Born and raised in Honolulu, Hawaii, Mars moved to Los Angeles in 2003 to pursue a musical career. In 2009, he co-founded the production team The Smeezingtons, responsible for various successful singles for Mars himself and other artists. He rose to fame in 2010 buoyed by the success of “Nothin’ on You” by B.o.B and “Billionaire” by Travie McCoy, both of which featured his vocals. In the same year, Mars released his debut studio album Doo-Wops & Hooligans, which blended pop with reggae and R&B. It spawned the international number-one singles “Just the Way You Are”, “Grenade”, and “The Lazy Song”. Drawing inspiration from disco, funk, rock, reggae and soul genres, his second studio album, Unorthodox Jukebox (2012), was his first number one on the Billboard 200. It amassed two Billboard Hot 100 number-one songs, “Locked Out of Heaven” and “When I Was Your Man”.
In 2014, Mars was featured on Mark Ronson’s “Uptown Funk”, which topped various music charts, spending a total of fourteen and seven weeks atop the Billboard Hot 100 and the UK Singles Chart, respectively. Mars’s third studio album, the R&B-focused 24K Magic (2016), received seven Grammy Awards, winning the major categories of Album of the Year, Record of the Year, and Song of the Year. The album also yielded the top-five singles “24K Magic”, “That’s What I Like” (his seventh Billboard Hot 100 number-one single), and a remix of “Finesse” featuring Cardi B. In 2021, Mars and Anderson .Paak, as Silk Sonic, released the collaborative studio album An Evening with Silk Sonic, which delved into 1970s R&B and soul and was led by the chart-topping single “Leave the Door Open”. It received four Grammy Awards, including Record of the Year and Song of the Year.

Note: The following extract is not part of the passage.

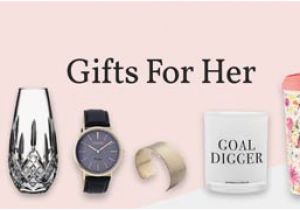 70th Birthday Present Ideas Male Australia Gifts for Women for Various Occasions at Everything but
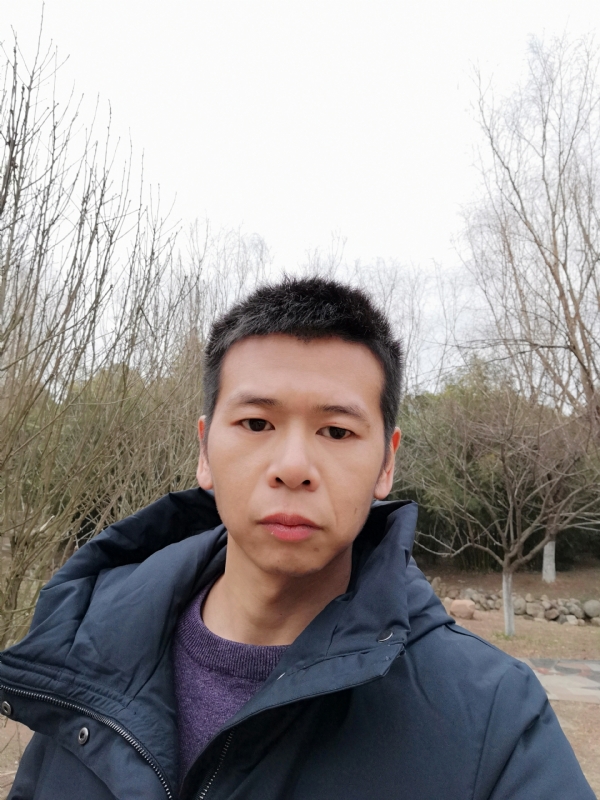 寞峰的第一张照片--宁化交友网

Mars has sold over 130 million records worldwide, making him one of the best-selling music artists of all time. Eight of his songs have reached number one on the Billboard Hot 100 and his concert tours are some of the highest-grossing in history. He has received 15 Grammy Awards (including three Record of the Year wins), four Brit Awards, eleven American Music Awards, 13 Soul Train Awards and holds three Guinness World Records, among other accolades. He featured on Music Week’s best songwriters (2011) and Billboard’s Greatest of All Time Artists (2019) lists and rankings such as the Time 100 and Forbes Celebrity 100. Mars became the first artist to receive six Diamond-certified songs in the United States and has been regarded as a pop icon due to his influential career.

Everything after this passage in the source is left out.